Not sure it’s related, please file a dedicated ticket if it’s not — testing 1.4~rc1 I’ve seen:

  Scenario: Anti test: Detecting IPv4 TCP leaks from the Unsafe Browser with the firewall leak detector # features/tor_enforcement.feature:22
    Given I capture all network traffic                                                                 # features/step_definitions/common_steps.rb:124
    When I successfully start the Unsafe Browser                                                        # features/step_definitions/unsafe_browser.rb:133
      FindFailed: can not find UnsafeBrowserStartNotification.png on the screen.
      Line ?, in File ? (RuntimeError)
      ./features/step_definitions/unsafe_browser.rb:137:in `/^I successfully start the Unsafe Browser$/'
      features/tor_enforcement.feature:24:in `When I successfully start the Unsafe Browser'

#29 Updated by kytv 2015-05-03 10:52:18

  • Subject changed from Desktop notifications are not always displayed to Sometimes notification-daemon aborts, causing desktop notifications to not be displayed

intrigeri wrote:
> Not sure it’s related, please file a dedicated ticket if it’s not — testing 1.4~rc1 I’ve seen:
>
> […]

I’m pretty sure it’s related. Perhaps it’d be good to have the test suite test that notification-daemon is running? This way there’d be less ambiguity as to why the notification wasn’t displayed.

#30 Updated by intrigeri 2015-05-03 11:15:58

> Perhaps it’d be good to have the test suite test that notification-daemon is running? This way there’d be less ambiguity as to why the notification wasn’t displayed.

Yes! This way, we can more or less ignore errors caused by notification-daemon bugs, and detect real problems that we may have in other places, that could cause notifications not to be displayed :)

#31 Updated by kytv 2015-05-11 16:16:45

  • Target version changed from Tails_1.4 to Tails_1.4.1

#32 Updated by kytv 2015-05-31 18:37:49

In trying to troubleshoot this I made an ISO which starts notification-daemon with strace and directing its output to /tmp.

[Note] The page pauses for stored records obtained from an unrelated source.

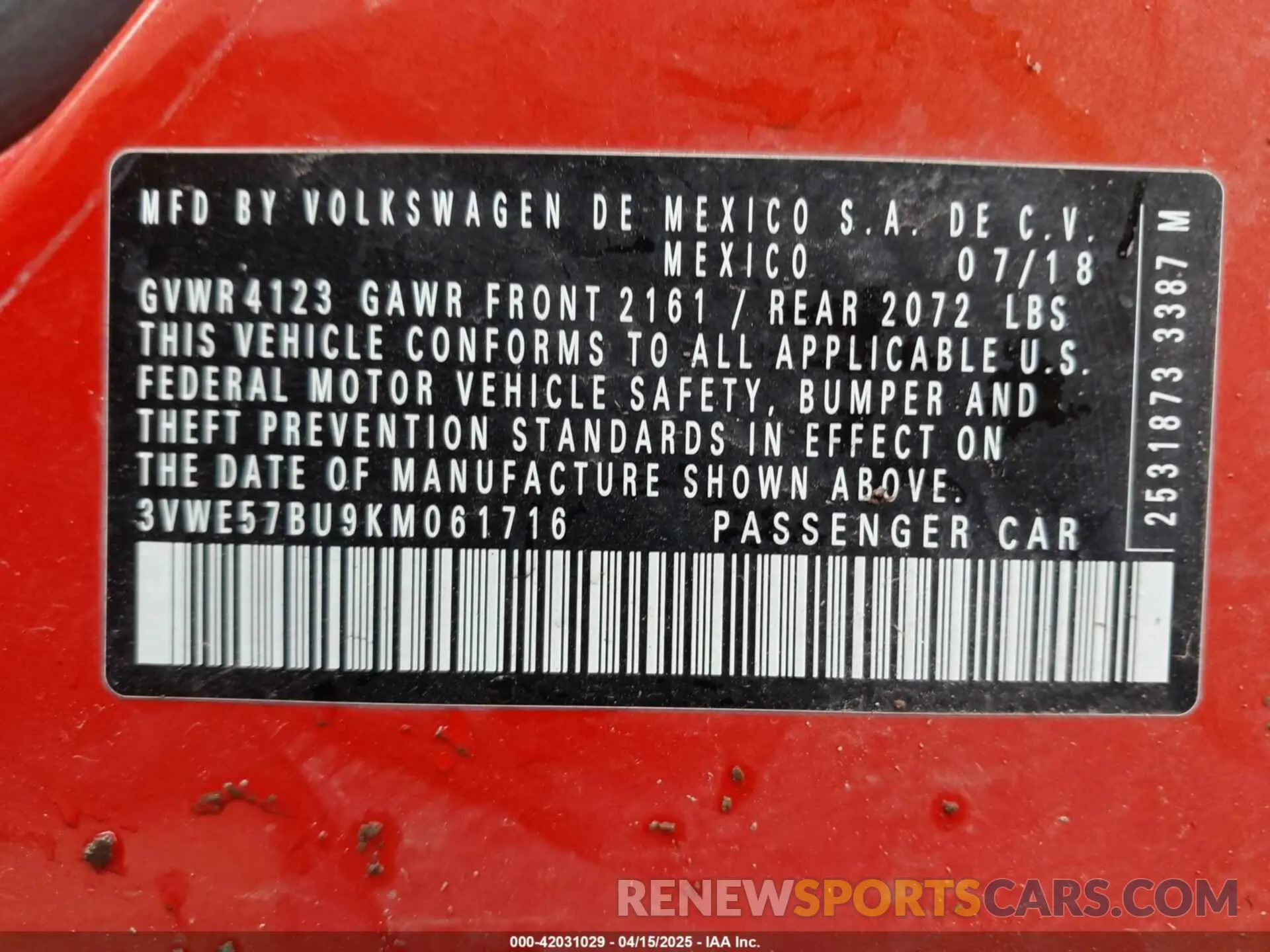 9 Photograph of a damaged car 3VWE57BU9KM061716 VOLKSWAGEN JETTA 2019
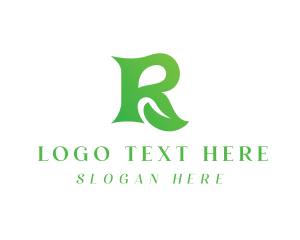 Herb - Organic Leaf Letter R logo design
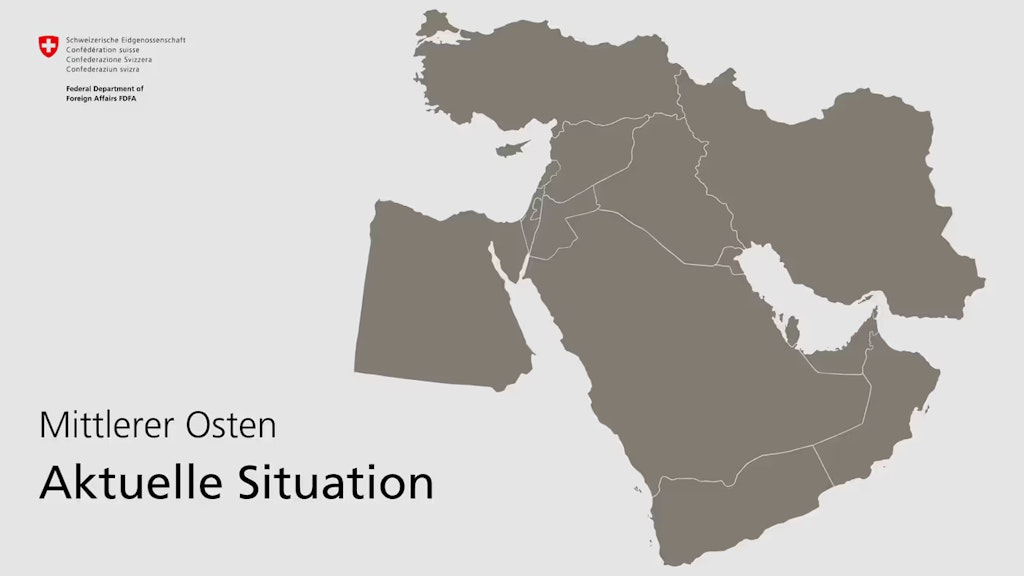 Karte, die den Mittleren Osten aufzeigt.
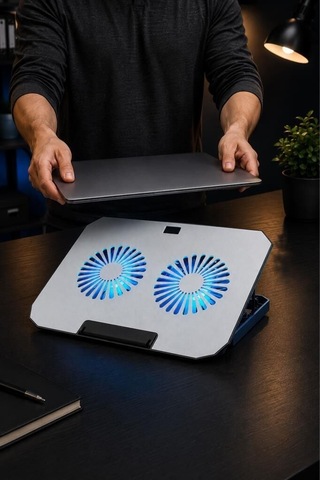 Özel Üretim Laptop Soğutucu Ayarlanabilir Rgb Cf12 Gümüş Aygit Çalışma Işıklandırma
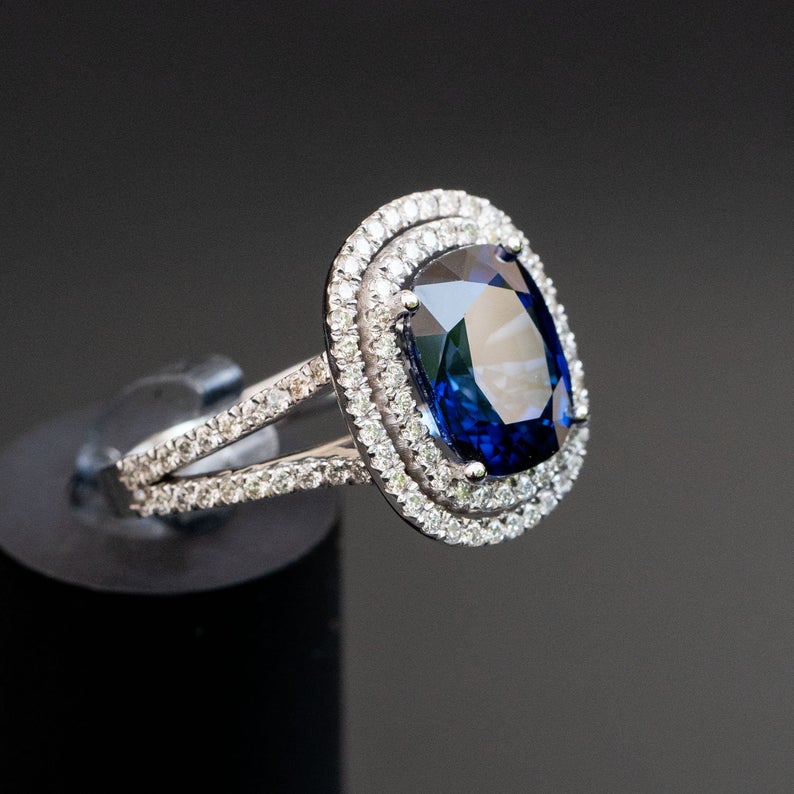 1 CT Cushion Cut Blue Sapphire Diamond 925 Sterling Silver Double Halo Engagement Ring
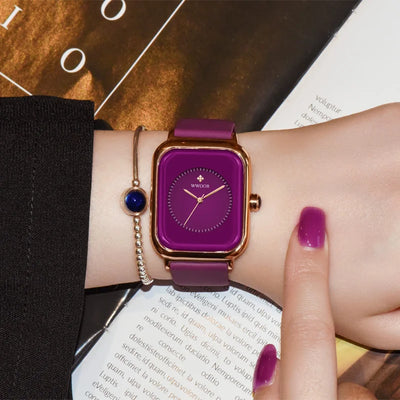 WWOOR Luxury Brand Watches For Women Fashion Square Purple Ladies Quartz Wristwatch Waterproof Silicone Band Relogio Feminino - LKBA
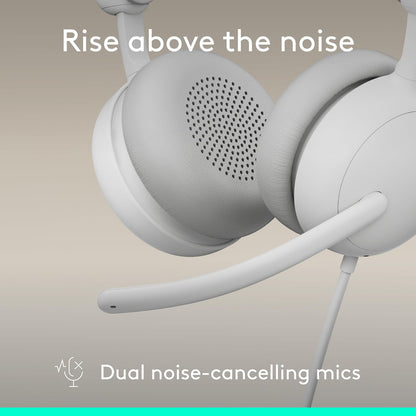 Logitech Zone Wired 2 for Business - Noise-Canceling Headset with Adaptive Hybrid Anc, Microsoft Teams Certified, USB-C with USB-A adapter - Off-White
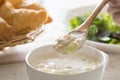 Breakfast of clam chowder Royalty Free Stock Photo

notification-daemon WILL NOT abort when run with strace. :| After thousands of test runs it simply does not abort when run under strace :(

I’m anxiously awaiting to see if Bug #7249 makes this better.

#33 Updated by kytv 2015-05-31 22:05:10

kytv wrote:

> I’m anxiously awaiting to see if Bug #7249 makes this better.

It does not solve this problem.

#34 Updated by kytv 2015-06-07 11:05:24

In #tails-dev I entertained a theory that this might have the same root cause as Bug #7912.

Sometimes it does happen that notification-daemon isn’t running and the locale isn’t set but I was able to rule it out as being pure coincidence. There’s absolutely, positively no correlation between them.

#35 Updated by kytv 2015-06-28 13:03:04

  • Target version changed from Tails_1.4.1 to Tails_1.5

#36 Updated by kytv 2015-08-04 04:02:19

  • Target version changed from Tails_1.5 to Tails_1.6

#37 Updated by bertagaz 2015-09-23 01:32:11

  • Target version changed from Tails_1.6 to Tails_1.7

#38 Updated by kytv 2015-11-04 10:46:04

  • Target version changed from Tails_1.7 to Tails_1.8

#39 Updated by intrigeri 2015-11-10 11:20:25

  • Target version deleted (Tails_1.8)
  • Parent task deleted (Feature #8539)
  • QA Check deleted (Dev Needed)

We’ve known since 7 months that this doesn’t affect Jessie, no substantial progress has been made since months, and it’s not been reported as a cause of fragile tests on Jenkins AFAICT, so I say we should just give up on this one, and instead focus on other matters, e.g. releasing Tails 2.0 => unparenting and dropping the target version (which has been bumped basically every 6 weeks since 1.2.3, so it’s not as if it was very meaningful info).

#40 Updated by intrigeri 2015-11-10 11:20:59

  • related to deleted (Bug #8685: Adapt waiting for user notification facilities for Jessie)

#41 Updated by BitingBird 2016-07-01 11:32:34

  • Assignee deleted (kytv)

no news from kytv -> removing assignee

#42 Updated by Anonymous 2017-06-28 14:46:46

  • Status changed from In Progress to Rejected

We don’t even run this daemon anymore :) Closing.